Nous nous levons à six heures comme d’habitude pour un petit-déjeuner à 6h15. Le départ est fixé tôt, à sept heures, avant que le soleil ne soit trop haut car nous avons trois heures de marche plus une heure et quart de visites. Nous allons voir deux temples décorés, colorés, et une tombe de prêtre important. Tous ces monuments ont été démontés et remontés au-dessus du Nil lors de l’élévation du barrage Nasser.
Nous partons depuis le bateau avec nos sacs marcher sur le sable ocre parsemé de pierres noires volcaniques et d’inclusions de grès. La marche est vite pénible aux genoux et au bas du dos car les chaussures chassent sur le sable et mettent en tension la position du corps. Avec la chaleur qui monte et devient vite accablante, plus de 35° au soleil. Mo a senti que le groupe était d’un âge certain, nous avons tous dépassé l’âge de la retraite, et fait sa première pause au col après une montée d’où nous pouvons voir le lac et sa descente vers les temples. Nous ferons deux autres pauses avant d’entamer la descente finale, plus facile aux genoux, dont une pour faire des photos à la mode comme sauter en l’air devant le paysage ou lancer une poignée de sable, le genre de niaiserie qui plaît sur les réseaux. Le paysage est désertique, fort semblable au Sahara des Tassili. Des traces se lisent bien sur le sable où l’on voit même quand le fennec se met à courir.
Lors de la première pause au col, Mo a parlé du militaire qui aurait dû nous accompagner mais dont il est bien content qu’il ne l’ait pas fait. Cela fait bizarre aux touristes de se voir maternés par un homme armé.

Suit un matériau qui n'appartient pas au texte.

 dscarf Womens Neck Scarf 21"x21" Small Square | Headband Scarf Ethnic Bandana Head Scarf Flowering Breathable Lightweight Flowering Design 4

Lui n’a pas fait son service militaire, ni Prof, ni le mari non plus. Je suis donc le seul à l’avoir fait dans le groupe. En Egypte, l’engagement est possible dès l’âge de 16 ans pour les garçons comme pour les filles. La conscription est normalement à 18 ans et dure de 14 à 36 mois, suivie d’une période de réserve obligatoire de 9 ans. La longueur du service actif dépend de son niveau d’éducation. L’armée est souvent une promotion sociale pour les peu éduqués ; elle gère (comme au Pakistan) des banques, des entreprises, des compagnies de navigation et de travaux publics.

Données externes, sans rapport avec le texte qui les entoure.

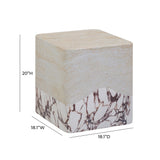 Brut Faux Travertine & Breccia Concrete Indoor/Outdoor Side Table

Nous avons droit à un bref repos musculaire à l’ombre du premier temple de Derr en attendant que Prof, en short et sandales mais T-shirt, ait fini de discuter des paramètres de son dernier mobile Samsung avec Mo, appareil qui capte enfin dans sa province et qu’il a acheté en début d’année.
Le temple d’Amada se dresse dans un paysage entre désert et Nil ; il est le seul vestige des temples construits en Nubie lors de la XVIIIe dynastie. Il a été érigé sous les règnes de Thoutmôsis III, Amenhotep II puis agrandi par Thoutmôsis IV afin d’y faire son propre temple des millions d’années. Les scènes sculptées dont la couleur a été préservée par le plâtrage des chrétiens, représentent un bandeau supérieur pour Thoutmôsis III vénérant Amon et un bandeau inférieur pour Amenhotep II devant Rê-Horakhty. Le temple ne pouvant être démonté a été déplacé en son entier avec des cerclages de fer, des poutrelles en béton sous son assise, et son dépô
t sur une plate-forme munie de roues sur des rails. Cela sur 2,6 km et plus haut de 65 m.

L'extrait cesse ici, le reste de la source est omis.